Or, sur ce point, on vient de le voir, la décision de la COP 20 propose mais n'impose pas une méthode uniforme d'élaboration des contributions nationales.

5. Le cinquième enjeu était celui de la nature et de la valeur juridique de l'accord à venir à Paris.

Sur ce point aussi, la Conférence de Lima n'a pas permis d'avancer. Pourtant, une question essentielle est  celle-ci : faut-il encore rechercher un "accord juridiquement contraignant" contre le changement climatique ?

Depuis l'adoption du Protocole de Kyoto en 1997, la signature d'un "accord juridiquement contraignant" est devenu le but premier des négociations organisées dans le cadre de la convention climat de 1992. Pourtant, la question même de savoir ce que pourrait être "un accord juridiquement contraignant" reste sans réponse. Généralement, référence est faite au protocole de Kyoto de 1997, lequel prévoit des possibilités de sanctions par un organisme ad hoc. Ce protocole qui n'est entré en vigueur qu'en 2005 n'a cependant été signé que par un nombre restreint d'Etats (55) parmi les 194 signataires de la Convention cadre de 1992. Son mécanisme de sanction demeure symbolique et les effets mêmes du protocole sont controversés. Faut-il donc encore s'attacher à la rédaction d'un "protocole" ou d'une nouvelle convention qui ne produirait pas d'effets avant plusieurs années ?

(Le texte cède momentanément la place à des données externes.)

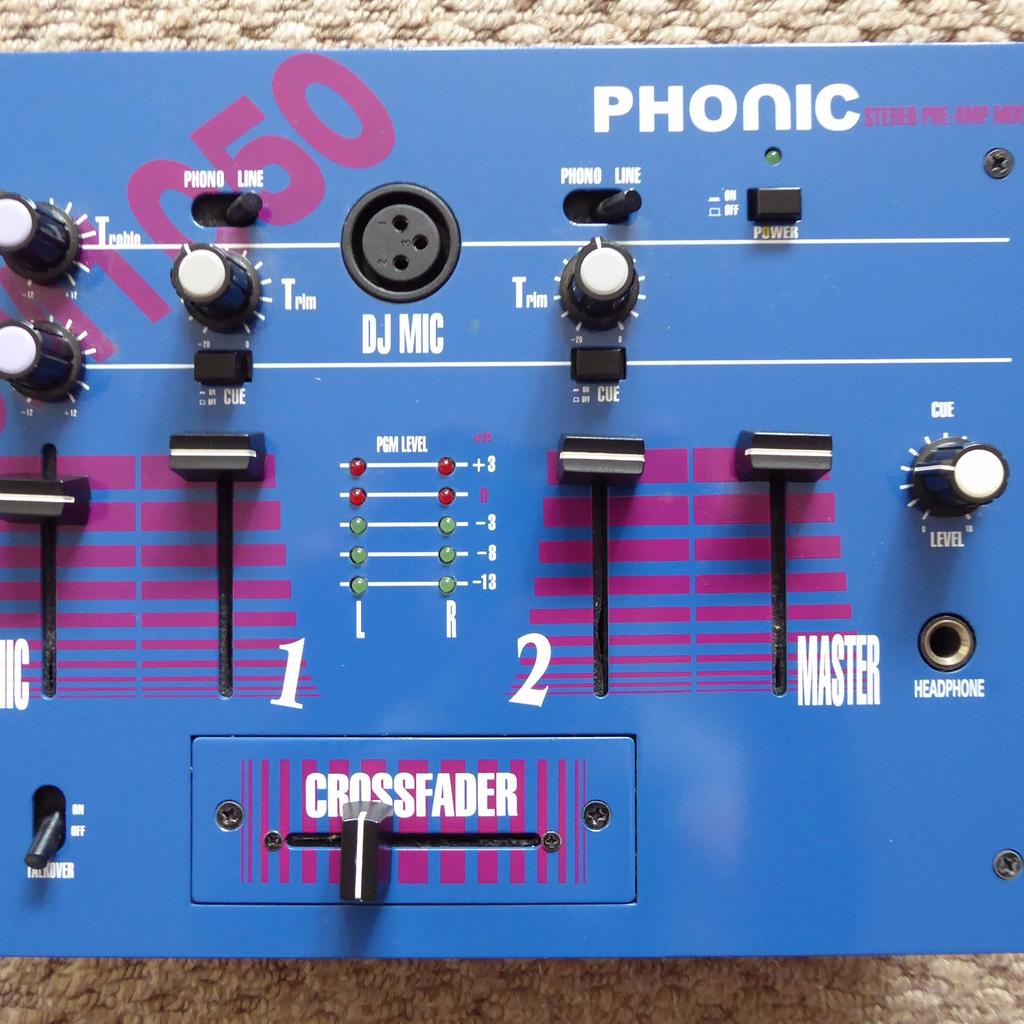 Phonic DM1050 Stereo PreAmp Mixer in HX3 Southowram for £25.00 for sale Shpock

Dans ces circonstances faut-il s'entêter à rechercher un "legally binding agreement" sachant que les principaux pollueurs de la planète, Etats-Unis et Chine en tête, n'accepteront jamais ce qu'ils considèrent comme une atteinte à leur souveraineté nationale ?

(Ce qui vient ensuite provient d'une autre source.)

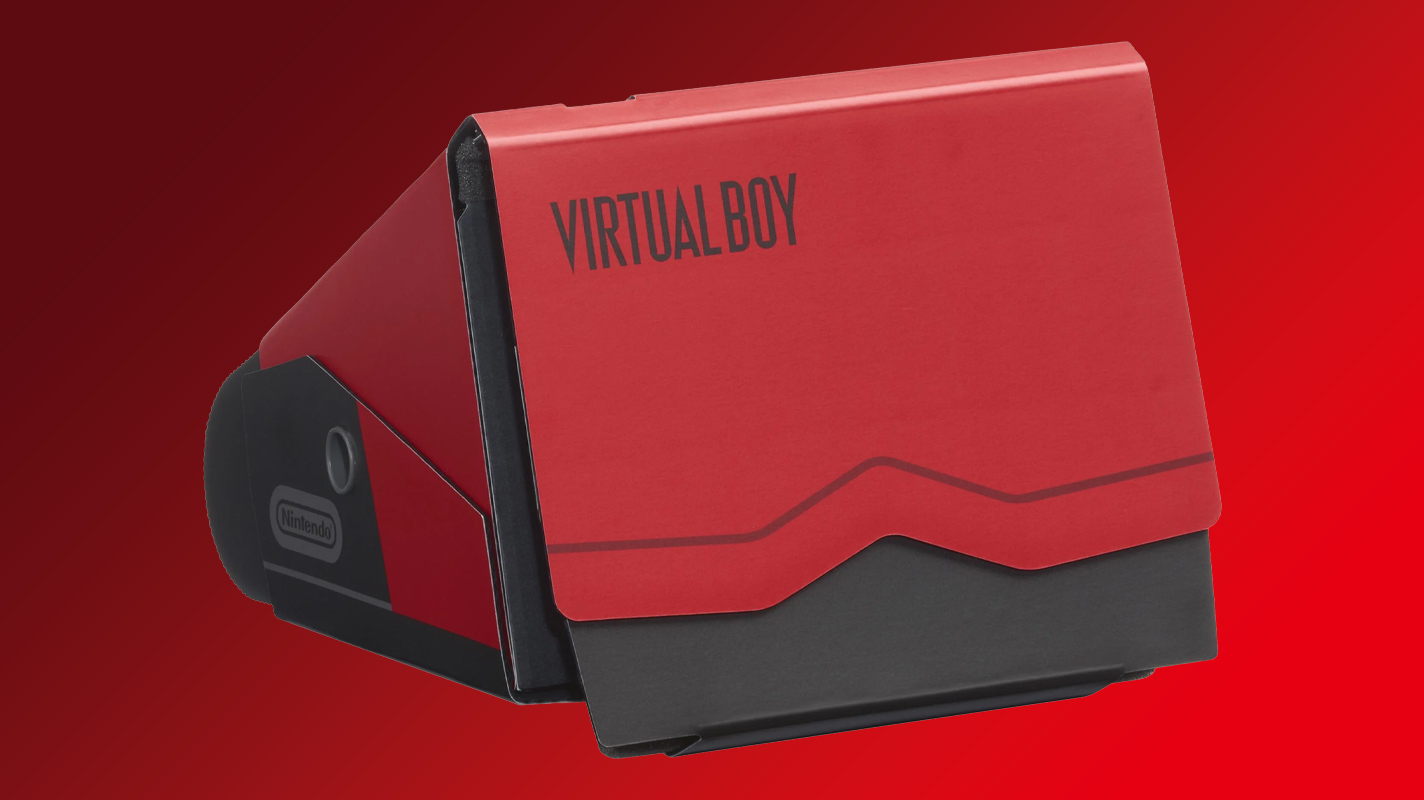 Nintendo discounting Virtual Boy cardboard model for the first time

Sur ce point la décision de la COP20 souligne, plusieurs reprises la volonté des Parties de rechercher un accord "juridique" ("with legal force") tout en laissant ouvertes toutes les options :

"Affirming its determination to strengthen adaptation action through the protocol, another legal instrument or agreed outcome with legal force under the Convention to be adopted at the twenty-first session of the Conference of the Parties (November-December 2015),"

(...) 1. Confirms that the Ad Hoc Working Group on the Durban Platform for Enhanced Action shall complete the work referred to in decision 1/CP.17, paragraph 2, as early as possible in order for the Conference of the Parties at its twenty-first session to adopt a protocol, another legal instrument or an agreed outcome with legal force under the Convention applicable to all Parties;

2. Decides that the protocol, another legal instrument or agreed outcome with legal force under the Convention applicable to all Parties shall address in a balanced manner, inter alia, mitigation, adaptation, finance, technology development and transfer, and capacity-building, and transparency of action and support;"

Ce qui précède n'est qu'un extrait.